They know that more businesses do it today because it makes sense
from a reputation standpoint. It's good for your perception. But they
still know businesses just can't do everything they want to look good.
They have to be focused on this business case, this financial analysis.
That's what they're trying to get at.
Also, when we go to different countries or to different states to
locate, we're still the kind of industry where those locations compete
for us. They know Intel has a good name. They know that we work a lot
in our communities and our employees are positive impacts to where they
work so we're often courted in different places.
But you have to manage those relationships in a positive way if you
want to remain a favorable neighbor. So there's a lot to it than just
the cost impact. You want the community and you want the local
governments and the economic infrastructure to value your input. But
still when it comes down to it, the company has to decide these things
on a cost-basis.
I think what we've tried to do is really shift. Our biggest impact
I think is shifting from this "right now" cost. Am I saving money today
or am I willing to put some capital investment in place today that will
save me money in the future?
That's the thing that this conservation fund was set up to do is to
push out that payback timeframe. We don't do things that are losers in
terms of money. We're not going to do something that is clear on paper
that it's a clear loser in terms of our profits and that it will hit
our profits and we can't pay it back.
But what we will struggle with is deciding between a project that has a six-month payback period or a three-year payback period.
SFG: How do you make that business case to Intel leadership?
DS: It's tough. It's a challenge. I think a lot of what goes
on today is really describing to them the impact. The energy
conservation fund is one thing. That was actually set up to push that
window back from six months to something longer.
But if you want to do something beyond that, it really does take
getting the senior leaders of the company together in a room or on the
phone and talking about the value -- just beyond the dollars -- of some
of these efforts that we're doing.
A lot of the efforts in the citizenship space or the CSR space
require minds that come together from a sales and marketing aspect, an
operational aspect, an employee workforce aspect, and a technology
aspect. They almost all have to come together. One person may say,
"Alright. For me, this is really valuable."
Another person may say, "You know it's going to cost me a little
bit more but I see the value you're going to see in three years out."
You have to bridge the gaps that most companies have in place
already today. These decisions require input beyond the normal business
group silos. And that's why they're so challenging.
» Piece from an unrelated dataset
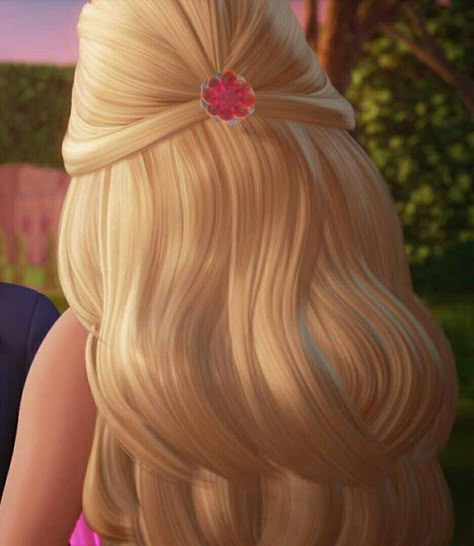 Shy Princess, Barbie And The Secret Door, Barbie Icon, Barbie Hairstyle, Princess Charm School, Barbie Aesthetic, Barbie Cartoon, Barbie Images, Barbie Core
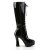 Pleaser Kniestiefel ELECTRA-2020 Schwarz EU-37 / US-7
SFG: Let's go back to more of the hands-on efforts and
results. It's great to say, "Let's reduce our energy use by 30
percent." But how do you do it? How do you identify those areas in your
business model that are the most energy consuming and then just go in
and fix them?
DS: Well, for us it might be a little bit easier than other
companies because we're so data-driven. We measure everything. We have
90,000 people around the world, 50,000 still close to working in the
manufacturing and the engineering aspects of the company.
We're measuring the energy in and out of all the pumps and all the
systems. The factories are on 24 hours a day. There's a lot of
automation. There's a lot of data there to work from and we have pretty
good pareto of where the energy uses are in our factories.
So we might say, "Oh, the air handling units take up 40 percent of
our total energy bill, or lighting is 10 percent, or heating and
cooling is something else." We have all that data at our fingertips and
we know what it is 24 hours a day. We know what it is per building, per
factory.
SFG: So how do you change it?
DS: Well, it gives us exactly what to go focus on so then
our engineers can go take a look at ways to optimize that pareto. Which
ones has the largest piece of the pie? Then our engineers go and
actually take a look at ways to work on it. And we will take a look at
the - pick one, for example - the conditioning of the air in our
factories.
That's huge, right? I mean all these clean rooms are super-clean.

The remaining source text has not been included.